Dietitians Dish – October 07, 2019
Go vegetarian or give a boost to any meal –
with EGGPLANT!
Whether you are looking for a tasty side dish for Italian night or want to add a boost of nutrients to fill you up without a lot of calories, eggplant is the answer!
Many people don’t know how to select or prepare eggplants, so they don’t buy them. Eggplants are actually very easy to use and versatile –
they can be baked, grilled, roasted, microwaved or fried.
Their texture can be creamy or meaty, depending on how it’s prepared. As for the flavor profile, it is pleasantly bitter but absorbs flavors from other ingredients.
Selection
Pick eggplants that:
- Are firm (without soft spots, scars, or blemishes)
- Have a vibrant color, plus smooth and shiny skin.
Storage
- Store eggplants in a sealed plastic bag in the refrigerator crisper drawer for up to 1 week.
- Wash and cut only when you are ready to use them.
Nutrition Benefits
A 1 cup serving has:
- 20 calories
- No fat, cholesterol or sodium
- 8% daily value of dietary fiber
- High levels of folic acid and potassium
Italian Roasted Eggplant
Ingredients:
- 2 small eggplants
- 1 cup spaghetti sauce
- 1/2 cup shredded parmesan cheese
- Cooking spray or olive oil
Directions:
- Preheat to 350°F. Prepare a baking pan with cooking spray or olive oil.
- Wash, and then slice off stem of the eggplant.
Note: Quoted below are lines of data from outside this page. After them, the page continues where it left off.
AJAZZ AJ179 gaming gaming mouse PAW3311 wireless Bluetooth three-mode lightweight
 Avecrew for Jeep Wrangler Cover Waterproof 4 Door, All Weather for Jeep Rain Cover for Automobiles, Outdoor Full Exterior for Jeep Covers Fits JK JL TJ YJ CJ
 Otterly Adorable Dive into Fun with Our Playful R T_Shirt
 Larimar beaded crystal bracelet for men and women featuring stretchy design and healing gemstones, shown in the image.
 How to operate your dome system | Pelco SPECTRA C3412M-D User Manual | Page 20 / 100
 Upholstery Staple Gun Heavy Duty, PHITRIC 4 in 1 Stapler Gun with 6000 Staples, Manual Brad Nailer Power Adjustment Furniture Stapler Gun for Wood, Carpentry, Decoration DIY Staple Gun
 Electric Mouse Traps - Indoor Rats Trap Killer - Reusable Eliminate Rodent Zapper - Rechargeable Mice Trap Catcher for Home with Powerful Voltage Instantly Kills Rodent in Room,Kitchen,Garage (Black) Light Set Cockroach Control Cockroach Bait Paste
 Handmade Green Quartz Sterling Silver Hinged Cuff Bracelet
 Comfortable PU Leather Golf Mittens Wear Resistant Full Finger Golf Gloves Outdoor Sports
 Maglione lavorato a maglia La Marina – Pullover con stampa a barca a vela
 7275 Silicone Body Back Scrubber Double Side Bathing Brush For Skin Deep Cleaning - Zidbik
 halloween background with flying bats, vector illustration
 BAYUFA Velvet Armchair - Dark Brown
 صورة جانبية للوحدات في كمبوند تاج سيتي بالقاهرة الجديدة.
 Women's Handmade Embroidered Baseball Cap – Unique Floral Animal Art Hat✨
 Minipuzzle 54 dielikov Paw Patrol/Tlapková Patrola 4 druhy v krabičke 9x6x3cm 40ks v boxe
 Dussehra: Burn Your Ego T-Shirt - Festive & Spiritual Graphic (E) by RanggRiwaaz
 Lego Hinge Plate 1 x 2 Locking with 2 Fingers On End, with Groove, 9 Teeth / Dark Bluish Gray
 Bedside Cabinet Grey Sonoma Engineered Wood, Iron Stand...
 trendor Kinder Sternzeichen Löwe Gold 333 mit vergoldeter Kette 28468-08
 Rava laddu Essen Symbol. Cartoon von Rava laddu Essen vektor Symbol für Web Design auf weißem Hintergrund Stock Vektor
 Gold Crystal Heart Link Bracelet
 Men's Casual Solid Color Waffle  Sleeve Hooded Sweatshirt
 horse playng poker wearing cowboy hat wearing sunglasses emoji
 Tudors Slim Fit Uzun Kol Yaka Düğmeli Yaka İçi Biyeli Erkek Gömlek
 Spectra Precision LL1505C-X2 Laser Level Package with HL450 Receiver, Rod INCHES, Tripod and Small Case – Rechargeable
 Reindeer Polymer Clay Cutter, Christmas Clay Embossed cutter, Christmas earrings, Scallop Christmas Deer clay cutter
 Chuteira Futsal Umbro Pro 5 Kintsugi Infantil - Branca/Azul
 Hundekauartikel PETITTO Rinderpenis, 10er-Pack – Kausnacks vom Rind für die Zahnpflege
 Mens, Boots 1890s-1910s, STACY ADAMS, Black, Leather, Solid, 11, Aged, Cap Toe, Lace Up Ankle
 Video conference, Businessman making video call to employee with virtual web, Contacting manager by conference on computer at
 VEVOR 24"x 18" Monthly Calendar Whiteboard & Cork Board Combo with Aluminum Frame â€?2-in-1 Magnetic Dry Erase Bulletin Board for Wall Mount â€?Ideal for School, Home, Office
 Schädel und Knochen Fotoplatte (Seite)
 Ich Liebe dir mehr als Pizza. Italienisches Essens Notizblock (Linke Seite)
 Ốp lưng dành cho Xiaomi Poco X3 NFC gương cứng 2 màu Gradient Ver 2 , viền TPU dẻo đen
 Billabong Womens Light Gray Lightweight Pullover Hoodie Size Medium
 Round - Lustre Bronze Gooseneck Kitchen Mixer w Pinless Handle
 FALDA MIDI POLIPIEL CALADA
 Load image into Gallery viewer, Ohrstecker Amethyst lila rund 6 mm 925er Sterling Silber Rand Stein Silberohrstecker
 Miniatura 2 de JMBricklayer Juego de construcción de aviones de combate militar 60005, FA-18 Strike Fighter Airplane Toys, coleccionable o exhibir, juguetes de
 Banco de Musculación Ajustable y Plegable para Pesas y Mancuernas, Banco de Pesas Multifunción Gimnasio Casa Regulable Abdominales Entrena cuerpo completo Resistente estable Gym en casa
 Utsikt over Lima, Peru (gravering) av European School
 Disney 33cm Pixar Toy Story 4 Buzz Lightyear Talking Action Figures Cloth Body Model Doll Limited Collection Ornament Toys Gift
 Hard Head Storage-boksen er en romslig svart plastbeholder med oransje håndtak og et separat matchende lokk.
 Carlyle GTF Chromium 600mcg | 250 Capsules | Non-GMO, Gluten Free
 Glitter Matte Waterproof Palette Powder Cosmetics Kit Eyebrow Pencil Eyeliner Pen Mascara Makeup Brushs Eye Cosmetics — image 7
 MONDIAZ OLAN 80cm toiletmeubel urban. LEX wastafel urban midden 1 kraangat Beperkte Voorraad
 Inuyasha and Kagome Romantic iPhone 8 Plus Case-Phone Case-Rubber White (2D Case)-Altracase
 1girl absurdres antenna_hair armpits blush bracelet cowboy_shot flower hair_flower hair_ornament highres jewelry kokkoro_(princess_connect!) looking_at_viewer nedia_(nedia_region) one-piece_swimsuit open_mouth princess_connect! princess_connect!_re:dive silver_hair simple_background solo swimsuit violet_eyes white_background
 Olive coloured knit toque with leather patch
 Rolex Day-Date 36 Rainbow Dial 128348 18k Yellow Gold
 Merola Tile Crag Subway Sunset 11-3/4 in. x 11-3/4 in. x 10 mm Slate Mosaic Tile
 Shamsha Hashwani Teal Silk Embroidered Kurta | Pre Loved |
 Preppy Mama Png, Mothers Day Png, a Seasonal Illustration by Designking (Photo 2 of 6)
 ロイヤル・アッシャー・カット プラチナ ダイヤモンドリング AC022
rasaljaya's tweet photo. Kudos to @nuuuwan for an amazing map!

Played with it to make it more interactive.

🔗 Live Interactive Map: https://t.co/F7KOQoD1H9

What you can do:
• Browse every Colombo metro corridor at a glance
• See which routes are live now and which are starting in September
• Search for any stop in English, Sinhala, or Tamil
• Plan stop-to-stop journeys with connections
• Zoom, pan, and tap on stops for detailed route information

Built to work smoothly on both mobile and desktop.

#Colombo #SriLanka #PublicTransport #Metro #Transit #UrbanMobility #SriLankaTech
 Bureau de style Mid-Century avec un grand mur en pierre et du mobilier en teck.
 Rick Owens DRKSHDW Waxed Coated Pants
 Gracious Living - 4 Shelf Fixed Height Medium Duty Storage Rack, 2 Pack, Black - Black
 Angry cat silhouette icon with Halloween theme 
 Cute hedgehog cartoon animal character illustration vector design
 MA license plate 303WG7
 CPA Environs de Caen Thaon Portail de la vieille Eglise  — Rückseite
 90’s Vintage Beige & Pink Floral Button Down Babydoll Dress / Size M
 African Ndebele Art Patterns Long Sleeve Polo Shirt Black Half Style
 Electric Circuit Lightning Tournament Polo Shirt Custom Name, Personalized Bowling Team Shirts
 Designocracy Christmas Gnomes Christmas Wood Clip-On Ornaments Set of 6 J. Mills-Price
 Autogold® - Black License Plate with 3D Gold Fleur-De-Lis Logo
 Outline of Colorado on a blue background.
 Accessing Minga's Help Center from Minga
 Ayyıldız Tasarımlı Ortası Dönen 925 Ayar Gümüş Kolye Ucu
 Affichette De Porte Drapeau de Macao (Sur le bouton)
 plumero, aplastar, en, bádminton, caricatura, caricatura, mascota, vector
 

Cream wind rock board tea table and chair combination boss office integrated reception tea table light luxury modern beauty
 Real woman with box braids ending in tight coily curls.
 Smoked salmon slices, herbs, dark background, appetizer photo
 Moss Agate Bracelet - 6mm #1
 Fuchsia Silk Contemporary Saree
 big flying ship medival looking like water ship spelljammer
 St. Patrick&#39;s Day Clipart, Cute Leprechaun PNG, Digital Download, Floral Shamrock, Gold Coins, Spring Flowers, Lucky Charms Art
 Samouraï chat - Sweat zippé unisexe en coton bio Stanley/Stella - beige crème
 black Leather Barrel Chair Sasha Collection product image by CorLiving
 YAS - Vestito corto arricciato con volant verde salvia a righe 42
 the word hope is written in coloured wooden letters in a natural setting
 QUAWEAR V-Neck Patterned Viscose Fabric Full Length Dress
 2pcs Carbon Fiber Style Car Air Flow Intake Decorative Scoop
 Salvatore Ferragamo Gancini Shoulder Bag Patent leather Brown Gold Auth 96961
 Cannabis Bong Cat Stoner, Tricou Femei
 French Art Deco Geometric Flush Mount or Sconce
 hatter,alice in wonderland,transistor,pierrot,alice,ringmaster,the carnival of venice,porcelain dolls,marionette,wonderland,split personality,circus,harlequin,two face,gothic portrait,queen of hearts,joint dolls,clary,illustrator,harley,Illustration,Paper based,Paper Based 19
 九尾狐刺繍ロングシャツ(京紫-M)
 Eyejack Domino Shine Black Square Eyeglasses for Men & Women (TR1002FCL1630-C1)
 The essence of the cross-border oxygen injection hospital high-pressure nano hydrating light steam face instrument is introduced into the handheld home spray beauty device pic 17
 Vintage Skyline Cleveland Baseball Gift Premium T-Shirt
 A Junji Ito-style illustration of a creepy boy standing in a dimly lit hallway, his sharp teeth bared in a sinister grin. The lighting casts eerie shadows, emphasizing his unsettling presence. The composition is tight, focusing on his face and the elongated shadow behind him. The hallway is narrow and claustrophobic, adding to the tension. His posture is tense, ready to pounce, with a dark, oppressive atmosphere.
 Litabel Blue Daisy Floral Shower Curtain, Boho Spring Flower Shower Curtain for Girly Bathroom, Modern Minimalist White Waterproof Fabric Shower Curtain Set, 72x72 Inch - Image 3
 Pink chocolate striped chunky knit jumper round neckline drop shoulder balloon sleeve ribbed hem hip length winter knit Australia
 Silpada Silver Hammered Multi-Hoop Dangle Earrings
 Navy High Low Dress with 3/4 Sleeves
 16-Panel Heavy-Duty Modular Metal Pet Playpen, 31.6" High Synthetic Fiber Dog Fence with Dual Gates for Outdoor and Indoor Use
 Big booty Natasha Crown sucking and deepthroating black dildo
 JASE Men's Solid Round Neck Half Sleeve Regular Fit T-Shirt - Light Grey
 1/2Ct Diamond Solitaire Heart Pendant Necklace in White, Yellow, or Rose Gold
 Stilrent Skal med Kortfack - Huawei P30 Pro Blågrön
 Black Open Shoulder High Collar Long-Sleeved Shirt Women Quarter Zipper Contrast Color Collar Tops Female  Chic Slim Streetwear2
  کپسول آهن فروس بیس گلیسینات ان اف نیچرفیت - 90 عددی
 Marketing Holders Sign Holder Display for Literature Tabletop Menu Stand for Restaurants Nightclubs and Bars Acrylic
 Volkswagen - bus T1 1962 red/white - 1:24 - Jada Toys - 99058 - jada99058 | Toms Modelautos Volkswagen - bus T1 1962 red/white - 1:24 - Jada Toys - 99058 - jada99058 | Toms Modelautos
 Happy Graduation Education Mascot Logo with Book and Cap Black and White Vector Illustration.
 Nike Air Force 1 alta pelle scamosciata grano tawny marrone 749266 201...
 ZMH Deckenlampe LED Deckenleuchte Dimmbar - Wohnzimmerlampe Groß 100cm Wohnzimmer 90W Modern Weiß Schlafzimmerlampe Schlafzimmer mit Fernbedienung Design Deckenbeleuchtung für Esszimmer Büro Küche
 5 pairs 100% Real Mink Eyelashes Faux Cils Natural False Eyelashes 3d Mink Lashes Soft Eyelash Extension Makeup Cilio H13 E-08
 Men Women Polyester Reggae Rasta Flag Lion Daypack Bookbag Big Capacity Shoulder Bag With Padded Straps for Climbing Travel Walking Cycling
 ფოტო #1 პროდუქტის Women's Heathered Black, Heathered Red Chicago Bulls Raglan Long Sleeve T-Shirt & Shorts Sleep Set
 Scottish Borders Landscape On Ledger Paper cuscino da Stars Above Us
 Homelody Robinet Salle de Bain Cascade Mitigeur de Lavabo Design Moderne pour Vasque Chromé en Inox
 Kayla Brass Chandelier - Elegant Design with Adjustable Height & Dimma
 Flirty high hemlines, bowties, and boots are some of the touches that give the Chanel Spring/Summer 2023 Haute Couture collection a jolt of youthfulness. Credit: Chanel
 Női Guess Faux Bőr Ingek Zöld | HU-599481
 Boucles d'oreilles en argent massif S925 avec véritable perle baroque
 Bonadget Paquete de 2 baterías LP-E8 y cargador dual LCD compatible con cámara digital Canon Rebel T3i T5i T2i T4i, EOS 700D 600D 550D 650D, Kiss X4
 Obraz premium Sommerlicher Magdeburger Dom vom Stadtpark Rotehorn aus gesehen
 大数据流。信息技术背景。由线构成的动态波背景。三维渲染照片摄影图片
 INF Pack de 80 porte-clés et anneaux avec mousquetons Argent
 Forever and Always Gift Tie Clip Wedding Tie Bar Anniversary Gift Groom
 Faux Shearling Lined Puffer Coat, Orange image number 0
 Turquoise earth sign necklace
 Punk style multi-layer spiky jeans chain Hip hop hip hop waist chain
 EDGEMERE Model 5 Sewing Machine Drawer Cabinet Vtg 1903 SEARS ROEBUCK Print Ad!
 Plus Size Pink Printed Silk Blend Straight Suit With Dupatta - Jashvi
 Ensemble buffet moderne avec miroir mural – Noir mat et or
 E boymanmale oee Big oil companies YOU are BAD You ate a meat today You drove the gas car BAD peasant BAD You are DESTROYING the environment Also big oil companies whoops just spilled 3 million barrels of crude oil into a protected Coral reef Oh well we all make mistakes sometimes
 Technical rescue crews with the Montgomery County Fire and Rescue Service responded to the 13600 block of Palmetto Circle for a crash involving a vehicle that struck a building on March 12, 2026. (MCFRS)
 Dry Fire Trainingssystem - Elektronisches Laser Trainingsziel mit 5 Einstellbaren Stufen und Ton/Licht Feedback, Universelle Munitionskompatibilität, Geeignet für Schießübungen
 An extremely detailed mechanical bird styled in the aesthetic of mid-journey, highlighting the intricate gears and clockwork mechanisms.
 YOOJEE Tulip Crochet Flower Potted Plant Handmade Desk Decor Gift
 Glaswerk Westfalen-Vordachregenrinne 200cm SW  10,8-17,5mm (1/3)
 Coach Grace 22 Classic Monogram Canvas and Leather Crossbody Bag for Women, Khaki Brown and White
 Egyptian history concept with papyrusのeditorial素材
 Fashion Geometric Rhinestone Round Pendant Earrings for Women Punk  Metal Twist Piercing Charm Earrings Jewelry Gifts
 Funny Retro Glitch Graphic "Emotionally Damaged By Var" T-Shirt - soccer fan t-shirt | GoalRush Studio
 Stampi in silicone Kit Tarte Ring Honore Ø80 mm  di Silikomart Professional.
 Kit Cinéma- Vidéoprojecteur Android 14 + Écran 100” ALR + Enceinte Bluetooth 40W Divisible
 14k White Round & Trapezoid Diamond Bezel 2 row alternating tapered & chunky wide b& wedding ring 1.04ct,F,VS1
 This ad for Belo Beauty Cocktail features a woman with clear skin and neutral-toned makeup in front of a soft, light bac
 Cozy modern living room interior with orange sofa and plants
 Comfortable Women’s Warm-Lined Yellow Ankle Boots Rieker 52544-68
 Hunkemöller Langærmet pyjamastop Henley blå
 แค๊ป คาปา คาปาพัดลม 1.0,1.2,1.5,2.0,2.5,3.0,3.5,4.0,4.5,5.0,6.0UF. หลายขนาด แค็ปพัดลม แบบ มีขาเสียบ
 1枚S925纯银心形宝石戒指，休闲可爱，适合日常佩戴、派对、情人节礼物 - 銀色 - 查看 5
Cut into 1/2-inch-thick slices. Place slices in a single layer in the prepared pan. Spoon sauce over each slice.
- Bake the slices for 15-20 minutes. Remove from the oven and sprinkle cheese on top of each slice. Return to the oven to cook for 10-15 minutes more, or until eggplant is soft.
RECIPE VARIATION: Swap the spaghetti sauce for fresh slices of tomato.